(WHAT THE TASK ASKS) Print all records exactly, pictures left out.

(DATA FOR PROCESSING)
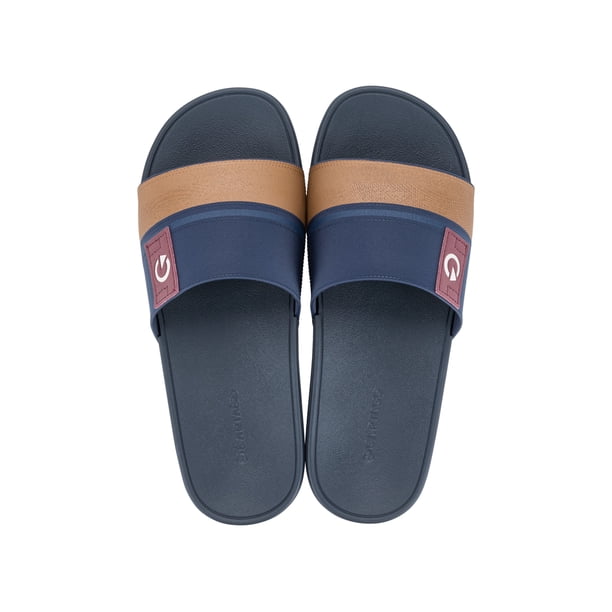 Sandalia Hombre Marrón/Azul Dakar Slide Cartago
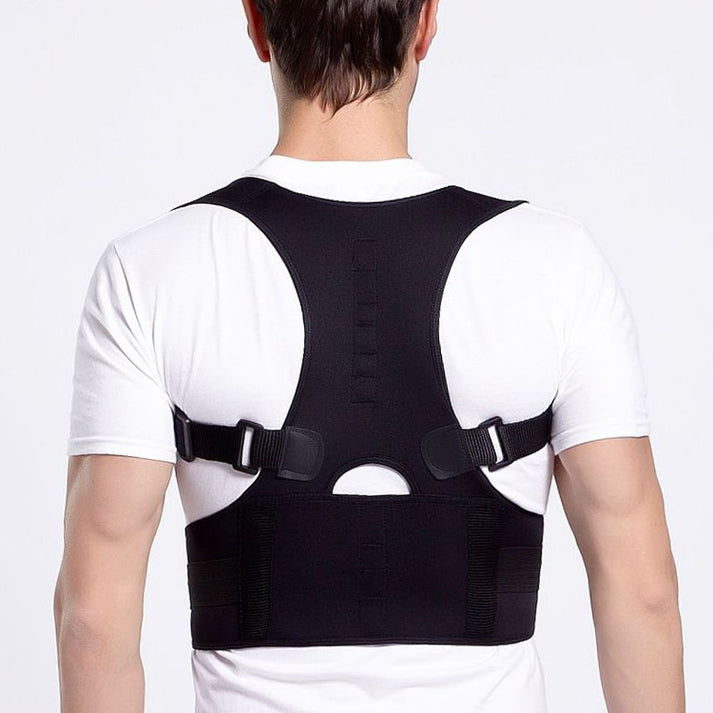 Discover the Ultimate Male and Female Adjustable Magnetic Posture Corrector Corset for Back Support – Black Friday Sale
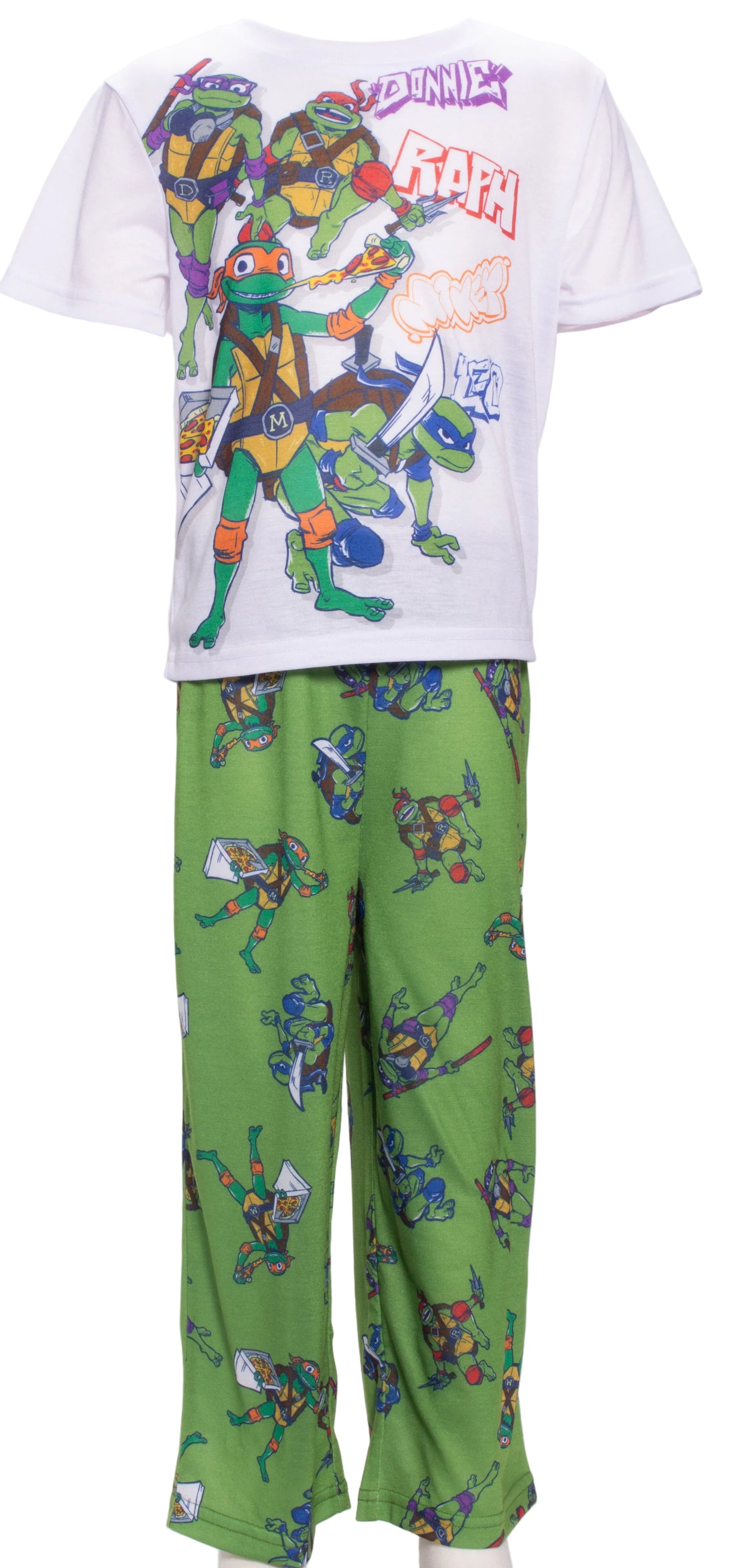 Teenage Mutant Ninja Turtles Kids 3 Piece Pajama Set Short Sleeve Shirt Shorts and Pants Sleepwear Set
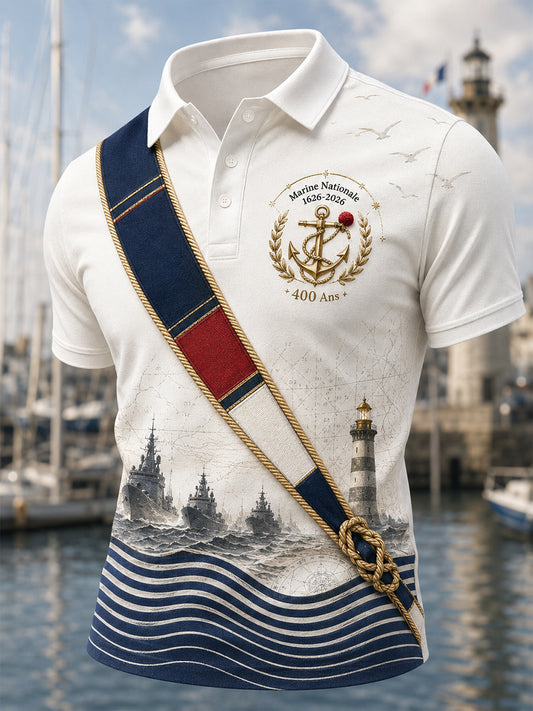 T-shirt manches courtes pour hommes French Navy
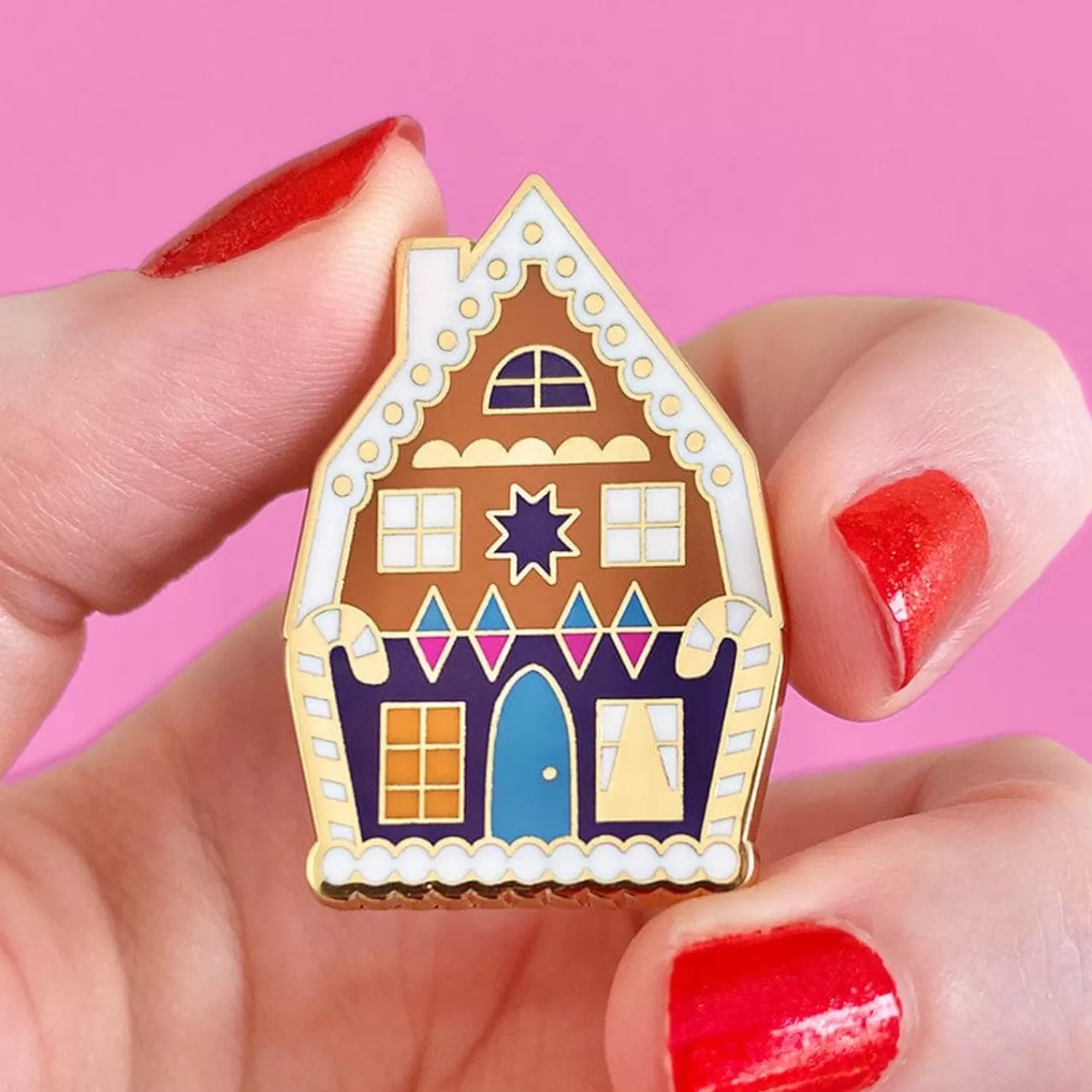 Holiday Home Enamel Pin*Erstwilder Clearance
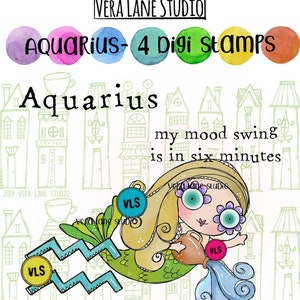 Aquarius - 4 Digi stamp set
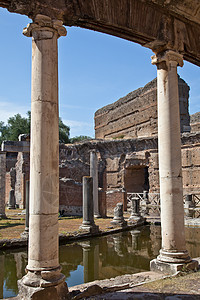 罗马柱城市论坛旅行旅游纪念碑帝国反射别墅寺庙废墟图片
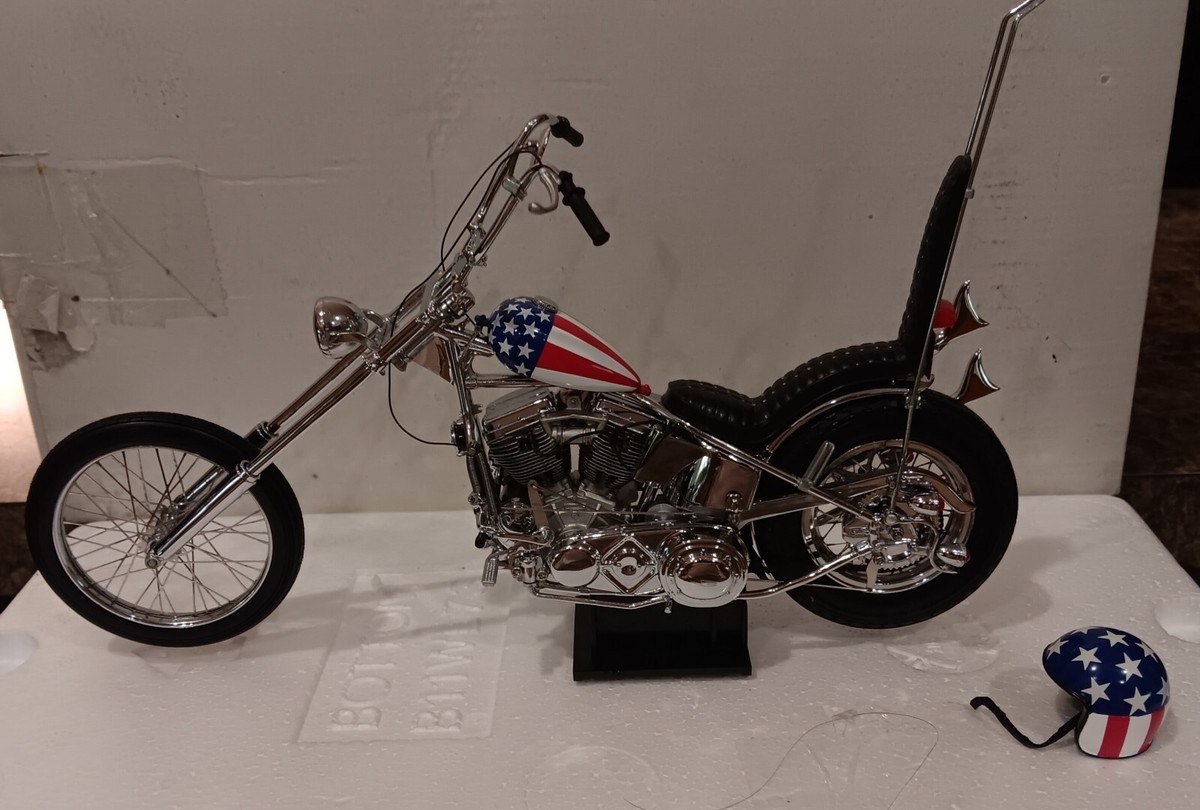 Franklin Mint Easy Rider Captain America Chopper 1/10 | eBay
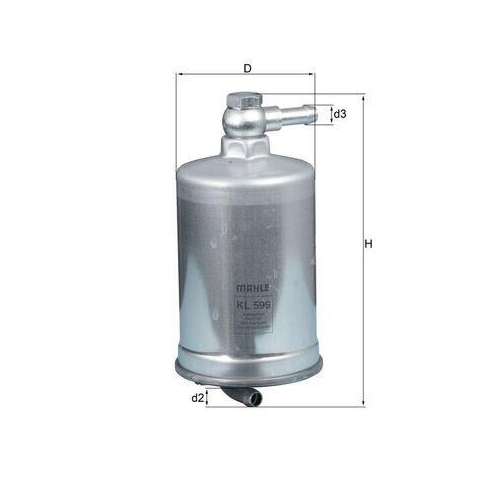 MAHLE filtru combustibil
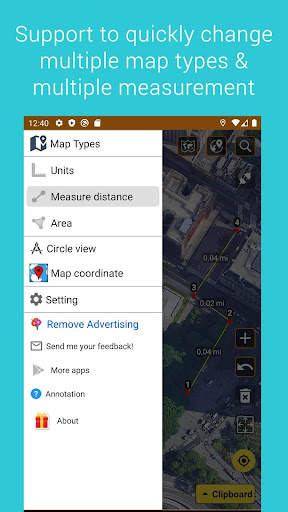 Measure map screenshot 1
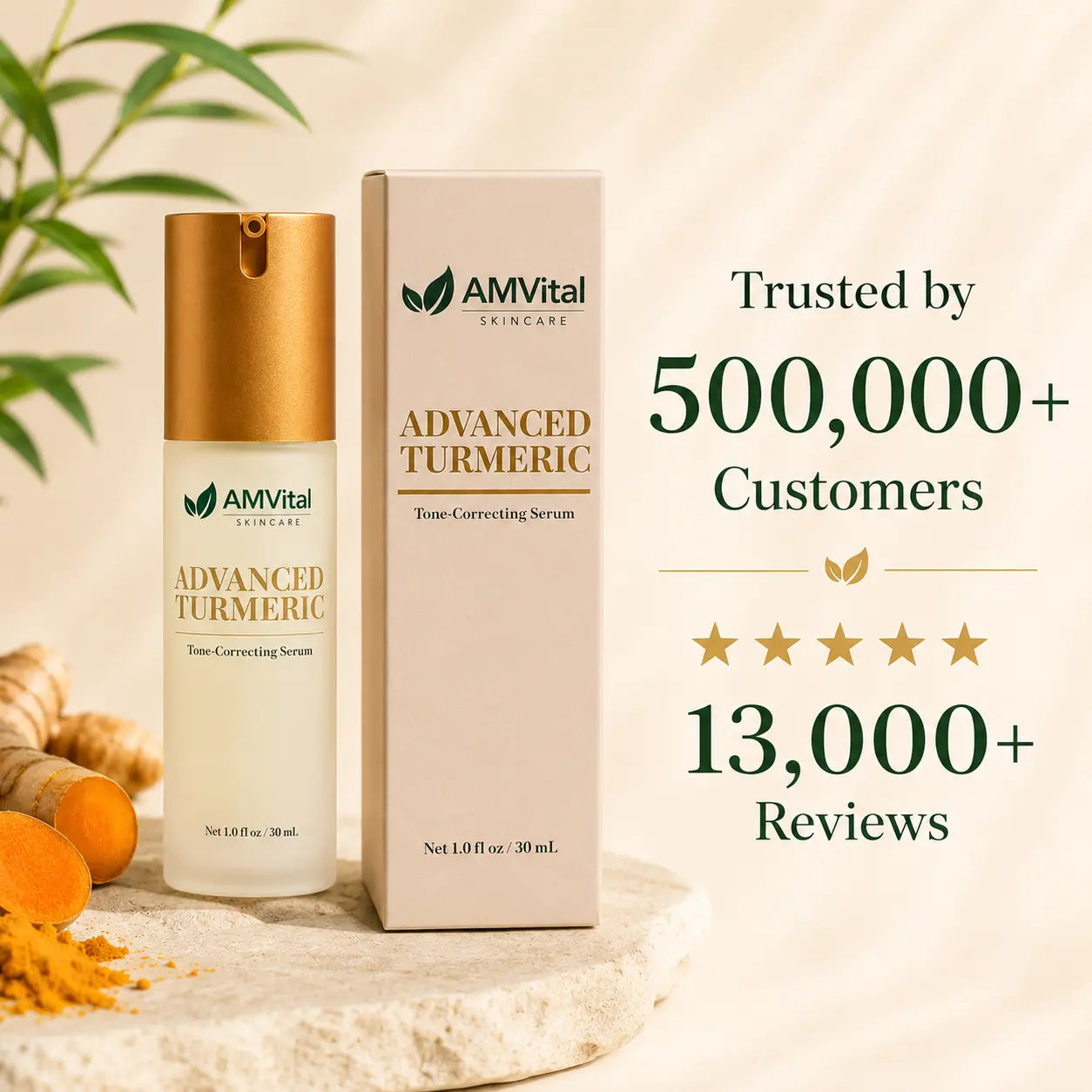 AMVital Advanced Turmeric Tone-Correcting Serum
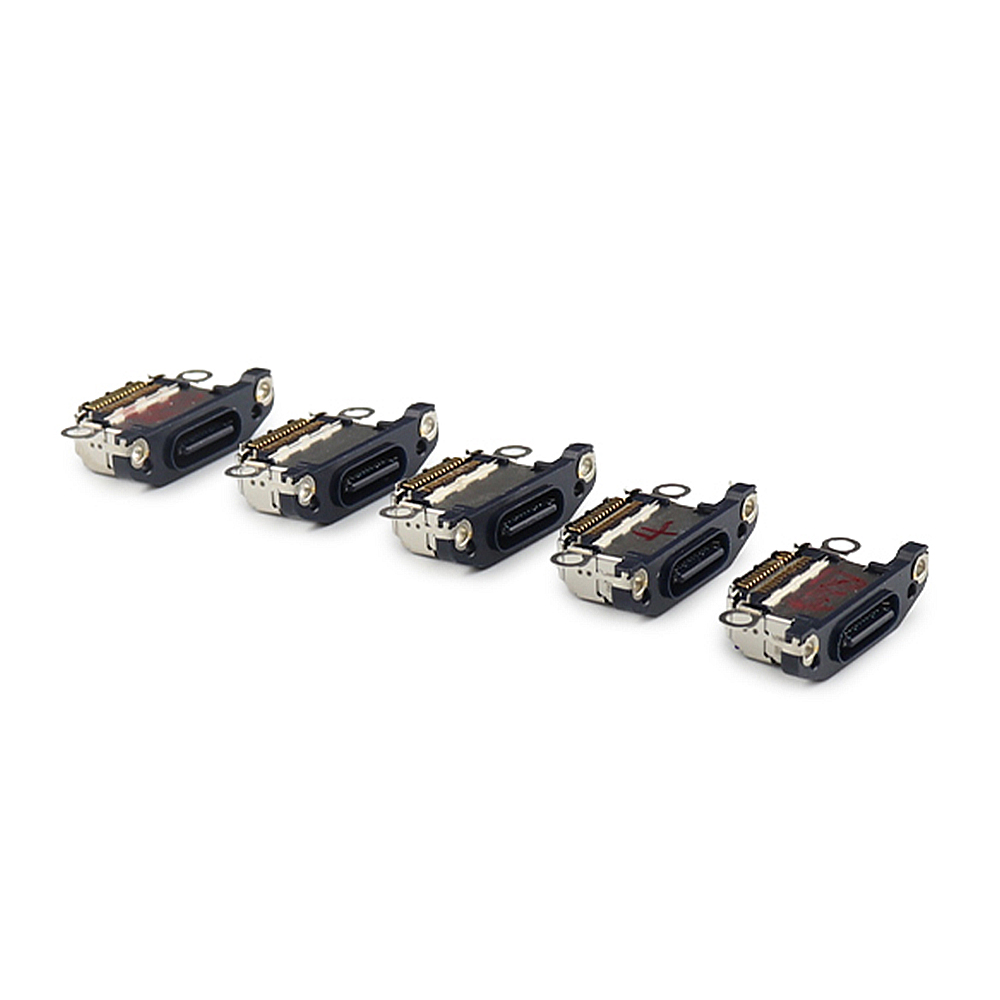 Charging Port ( 5 Pieces , Soldering Required) For iPhone 15 Pro /15 Pro Max Blue Titanium OEM-Equivalent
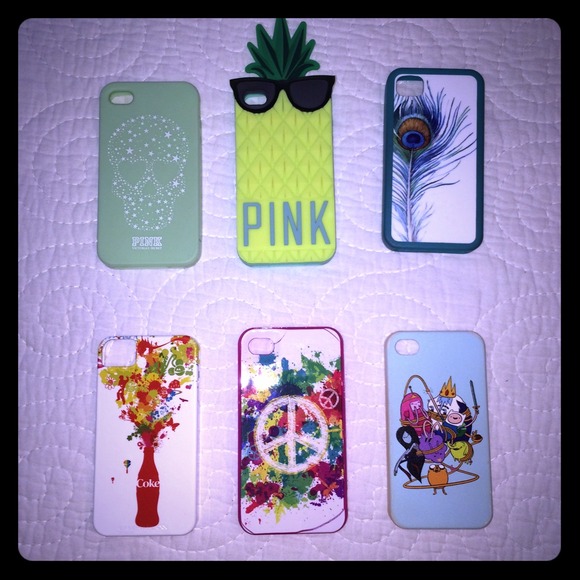 6 iPhone 4 / 4s covers. Like new.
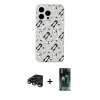 MARSİLYAN™- iPhone 15 Pro Max Kılıf Pusula Form - Şeffaf 360 Full Body Arka Koruyucu + Raze Metal Kamera Lens - TMGI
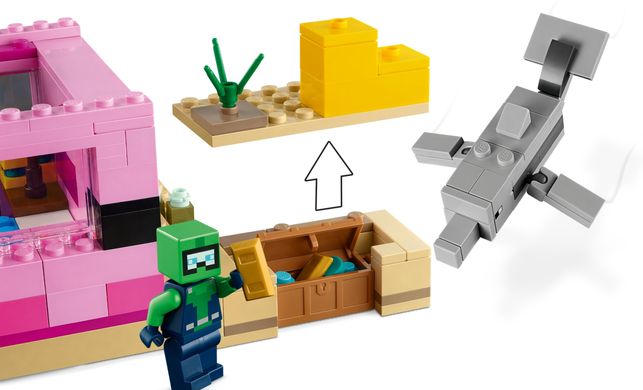 LEGO Конструктор Minecraft Дім-Аксолотль 21247 фото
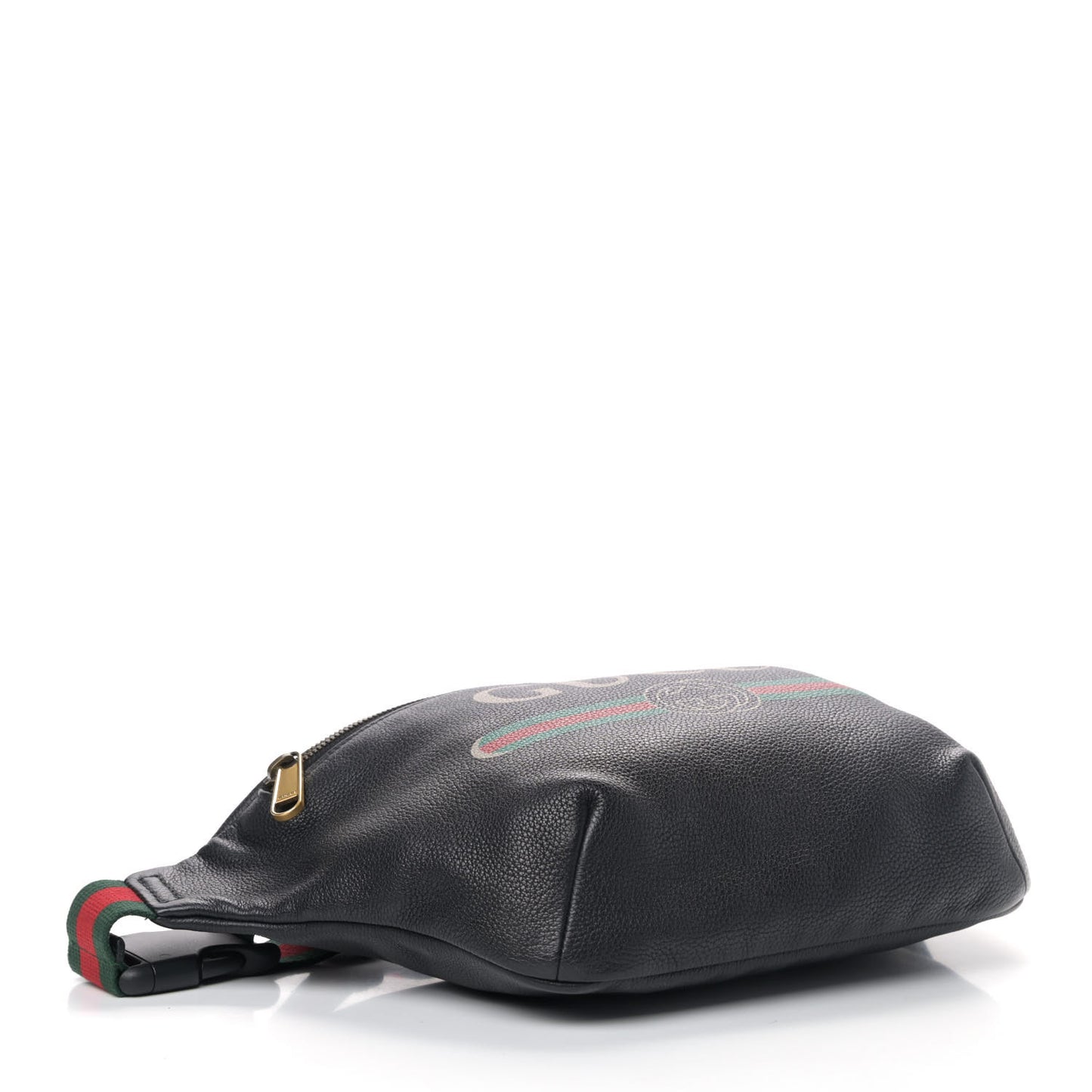 Grained Calfskin Logo Belt Bag Black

(SOLUTION)
 Sandalia Hombre Marrón/Azul Dakar Slide Cartago
 Discover the Ultimate Male and Female Adjustable Magnetic Posture Corrector Corset for Back Support – Black Friday Sale
 Teenage Mutant Ninja Turtles Kids 3 Piece Pajama Set Short Sleeve Shirt Shorts and Pants Sleepwear Set
 T-shirt manches courtes pour hommes French Navy
 Holiday Home Enamel Pin*Erstwilder Clearance
 Aquarius - 4 Digi stamp set
 罗马柱城市论坛旅行旅游纪念碑帝国反射别墅寺庙废墟图片
 Franklin Mint Easy Rider Captain America Chopper 1/10 | eBay
 MAHLE filtru combustibil
 Measure map screenshot 1
 AMVital Advanced Turmeric Tone-Correcting Serum
 Charging Port ( 5 Pieces , Soldering Required) For iPhone 15 Pro /15 Pro Max Blue Titanium OEM-Equivalent
 6 iPhone 4 / 4s covers. Like new.
 MARSİLYAN™- iPhone 15 Pro Max Kılıf Pusula Form - Şeffaf 360 Full Body Arka Koruyucu + Raze Metal Kamera Lens - TMGI
 LEGO Конструктор Minecraft Дім-Аксолотль 21247 фото
 Grained Calfskin Logo Belt Bag Black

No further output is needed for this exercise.